Four variables
Published 2011-04-08
My life is a rather simple zero-sum equation with four variables.
I play with my family.
I work.
I ride or fix my bicycles.
I sleep about seven hours.
That's it. Family, work, bicycles, sleep; repeat. If I do anything else I have to triangulate: what's gonna get shorted? Family, work, bicycles or sleep?
I'm hopelessly out of the pop culture universe. I catch a few minutes of American Idol before the "sleep" dimension. There's no time for "Mad Men" or "30 Rock" or "Dr. Who" or "[insert cool TV show here]." Those things take a serious time commitment which would cut into family, work, bicycles, or sleep. But 20 minutes of American Idol twice a week is just enough to know exactly what's happening on American Idol. For example: the kid with the awesome country voice and good attitude is still in. The girl with the deep pipes and surprising stylistic range is out.

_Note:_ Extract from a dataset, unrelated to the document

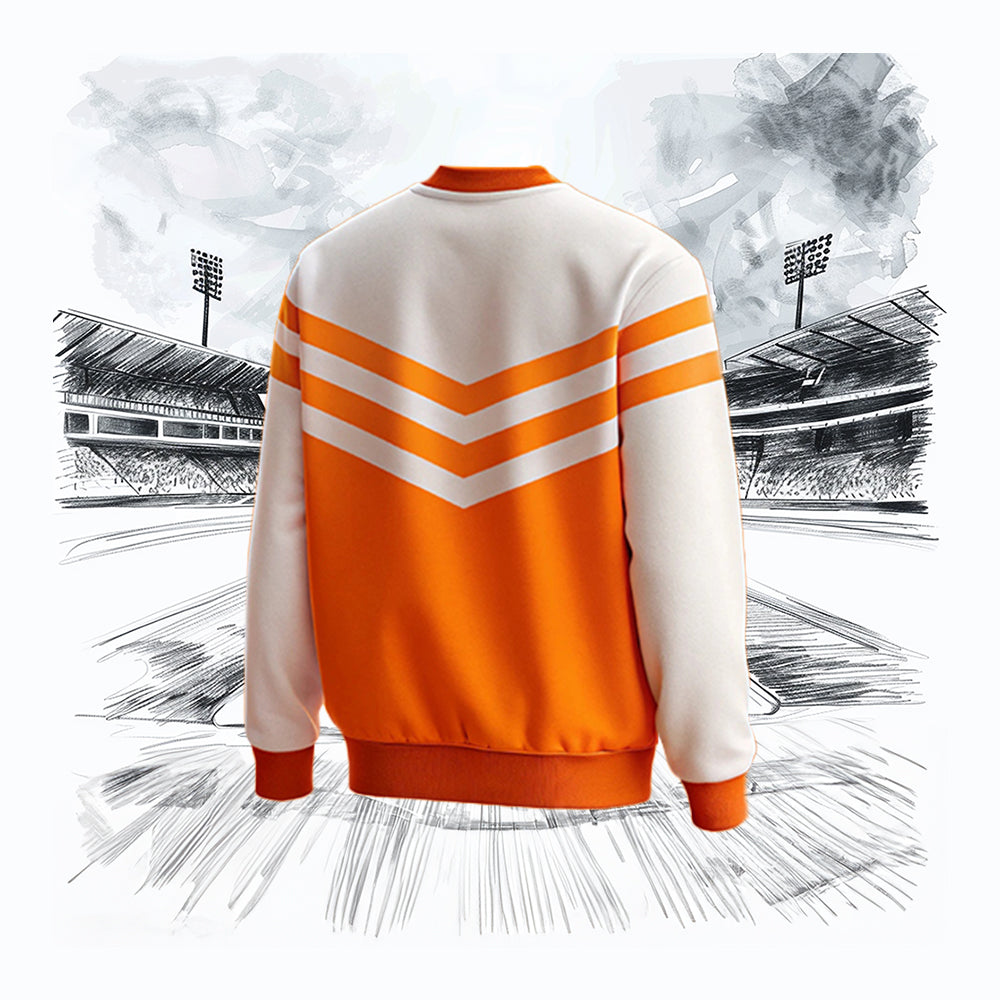 Retro Striped Sweatshirt | SRH Official Merch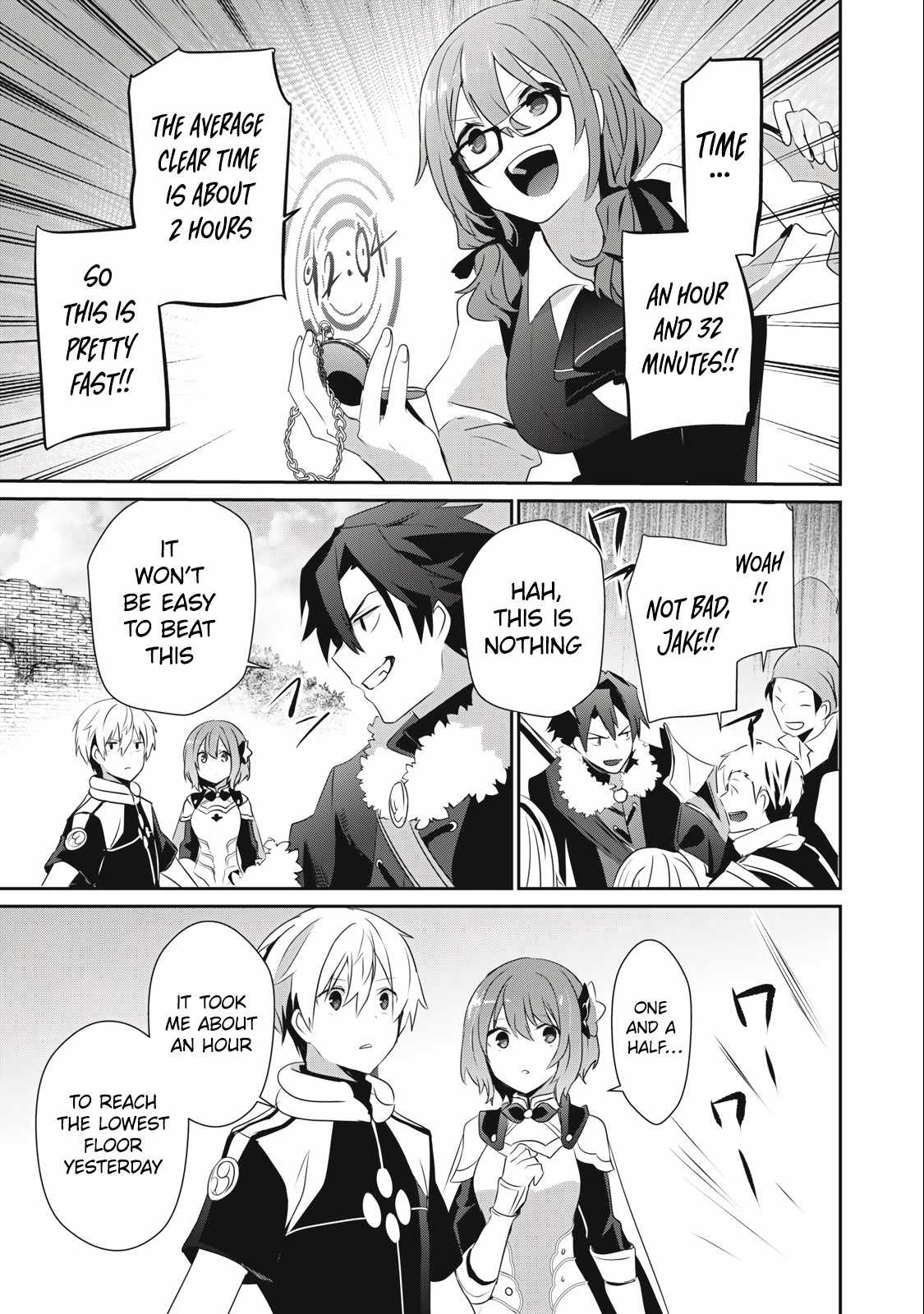 I’m a low rank adventurer, but I decided to excel in magic ~I’m going to use my [Magic Creation] and [Item Creation], which are Godly skills that were once useless, and become outmatched~ chapter 10.2 page 6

I see about two movies a year. That includes DVDs. A movie is two whole hours away from family, work, bicycles, or sleep.
Music, I can catch a little while I work. Which means lots of instrumental post-rock, lots of bebop, lots of Bach. Anything catchy is death to productvity.
Live music, ha! Are you kidding? They don't even START playing until like 10pm. That means shorting family, sleep AND work the next day.
I started feeling pretty bad for the dog (he was part of this equation until last summer), so I'm stealing an hour from "sleep" every morning to take him for walks. There was a time when he got THREE walks a day. Can you imagine? I can't, any more.
The beautiful thing about "bicycles" is that I can squeeze them in around the other stuff, so they feel like a variable that ADDS time. Instead of a boring old commute I have "fun bike time." Jenny and Orion love Sundays at the Cross Crusade, that's a twofer (family+bicycles) right there. Kids are napping? Time to fix the bikes!
I hit the gym, so to speak, about once a week. That's a calculation against "work" because on those days I leave at 4:30.
My diet is somehow, improbably, nothing but leftovers. Usually pasta. Where do these leftovers come from? At some point there must have been some original source of food. Jenny does the cooking -- funny how Ozzy and Harriet you get in a one-paycheck household -- but it seems like dinner is usually leftovers too. Every time I sit down to eat it feels a little like the miracle of the loaves and fishes.
Gardening, home improvement, spiritual betterment, skiing, yardwork, arts-and-crafts, videogames, homebrewing, gastronomy...my God how do people with kids do these things? (well, with ONE kid, maybe...)
Please don't think I'm complaining here. Well, I am, but not too much. I love how beautifullly focused my life is now.